Retype, word for word, the lines from the first line of the entries through the line that holds "Spandex Tablecloth, Elastic"; leave out the pictures.

▬▬▬

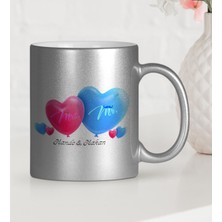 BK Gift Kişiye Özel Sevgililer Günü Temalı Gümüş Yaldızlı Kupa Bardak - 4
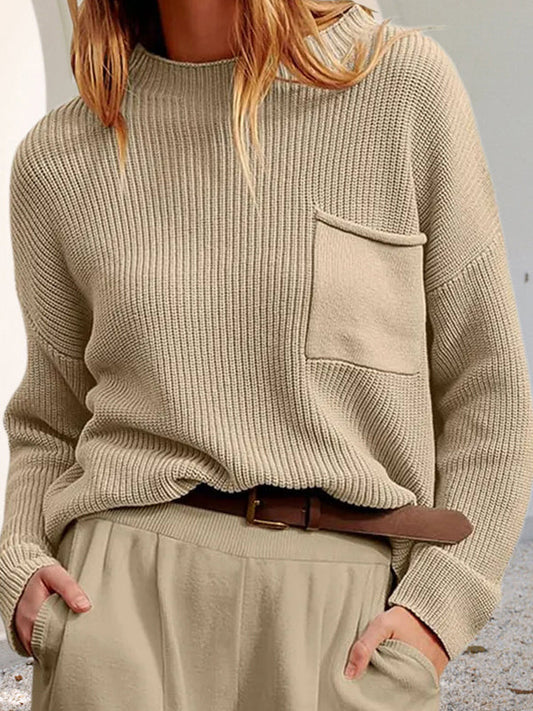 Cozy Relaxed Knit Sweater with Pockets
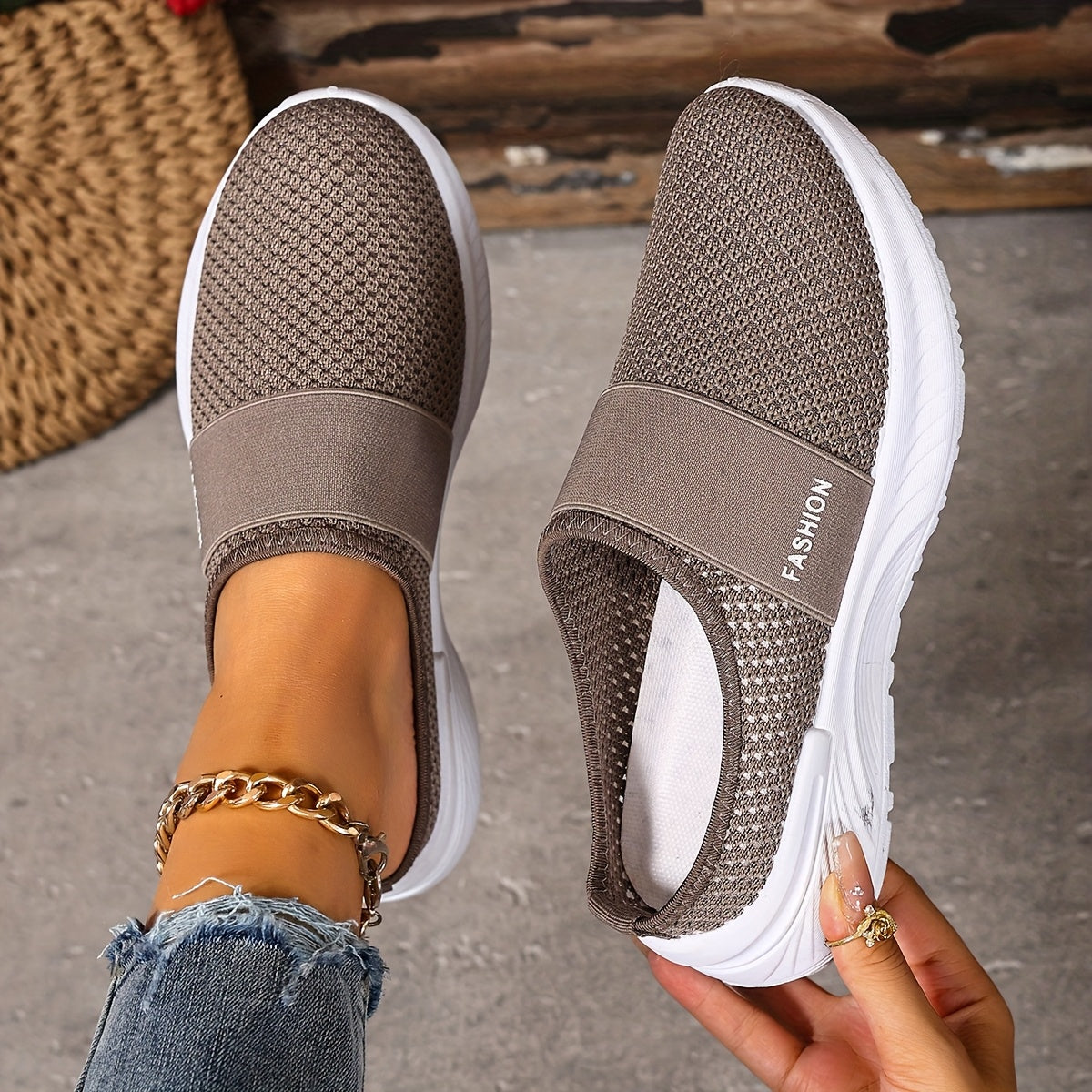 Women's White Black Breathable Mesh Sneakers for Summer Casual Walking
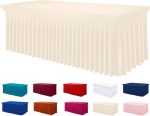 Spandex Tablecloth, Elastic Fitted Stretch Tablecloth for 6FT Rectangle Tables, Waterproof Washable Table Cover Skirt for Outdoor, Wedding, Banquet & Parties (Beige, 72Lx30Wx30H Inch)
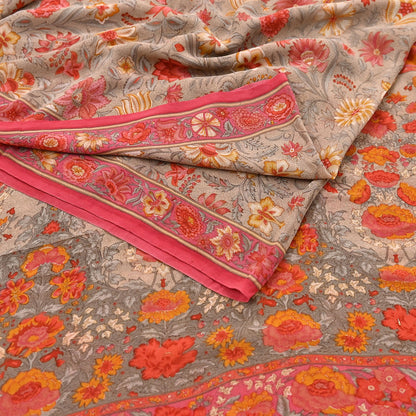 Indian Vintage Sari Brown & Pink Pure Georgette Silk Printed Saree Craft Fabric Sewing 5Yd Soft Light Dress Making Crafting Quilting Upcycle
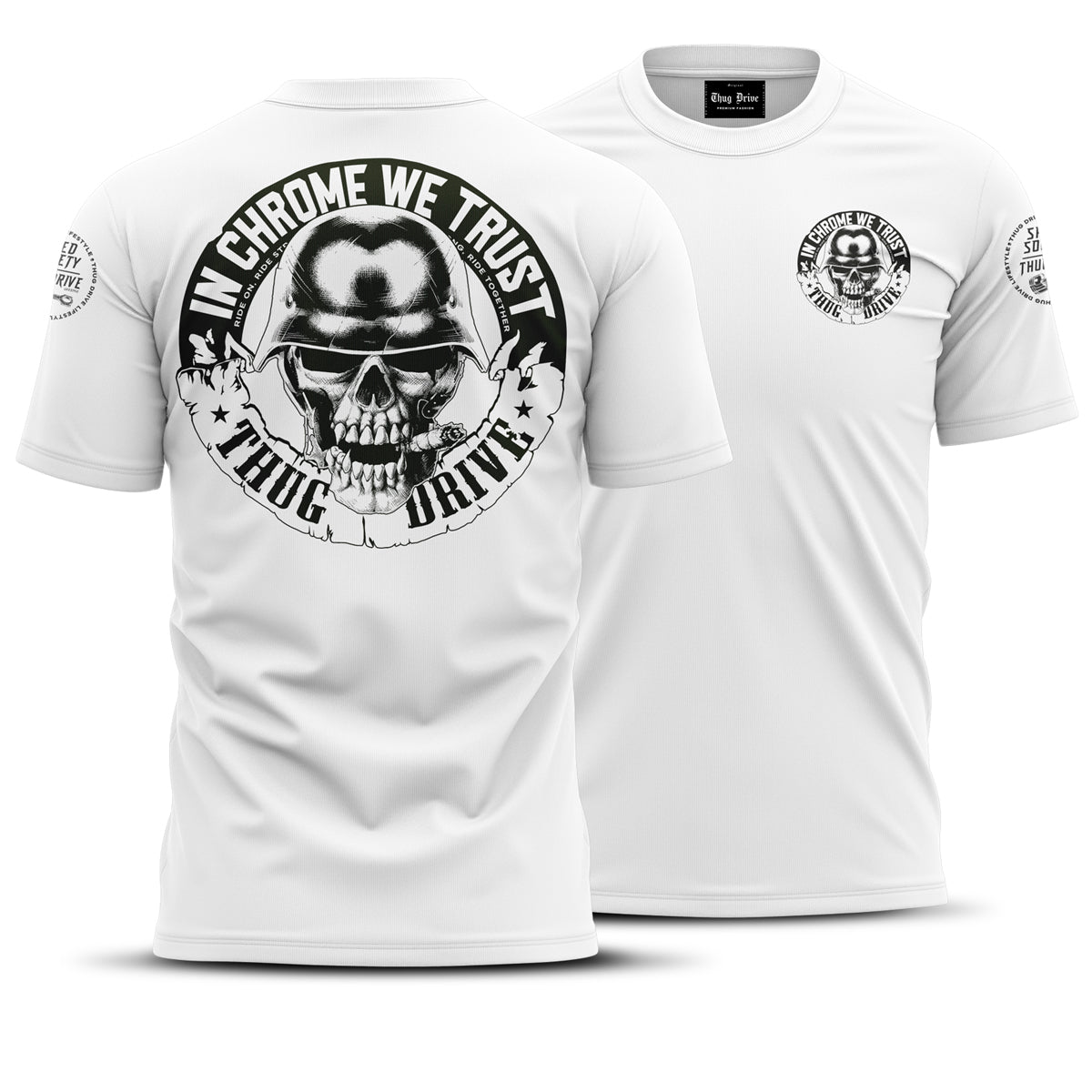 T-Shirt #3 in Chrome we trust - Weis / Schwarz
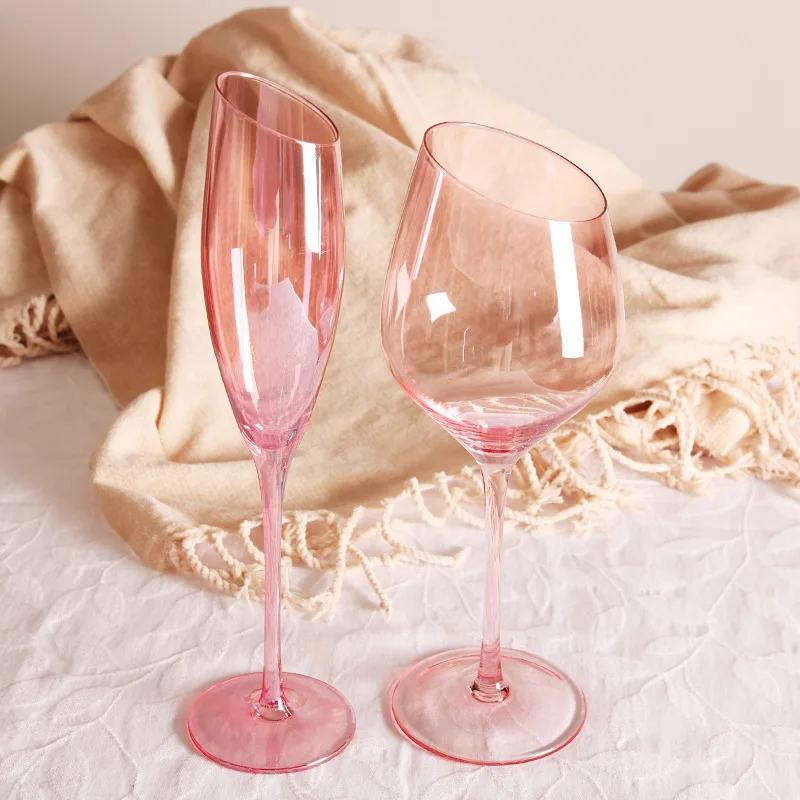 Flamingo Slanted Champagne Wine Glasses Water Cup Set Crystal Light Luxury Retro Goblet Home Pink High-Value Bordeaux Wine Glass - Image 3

▬▬▬

◆ Answer to the exercise ◆
 BK Gift Kişiye Özel Sevgililer Günü Temalı Gümüş Yaldızlı Kupa Bardak - 4
 Cozy Relaxed Knit Sweater with Pockets
 Women's White Black Breathable Mesh Sneakers for Summer Casual Walking
 Spandex Tablecloth, Elastic Fitted Stretch Tablecloth for 6FT Rectangle Tables, Waterproof Washable Table Cover Skirt for Outdoor, Wedding, Banquet & Parties (Beige, 72Lx30Wx30H Inch)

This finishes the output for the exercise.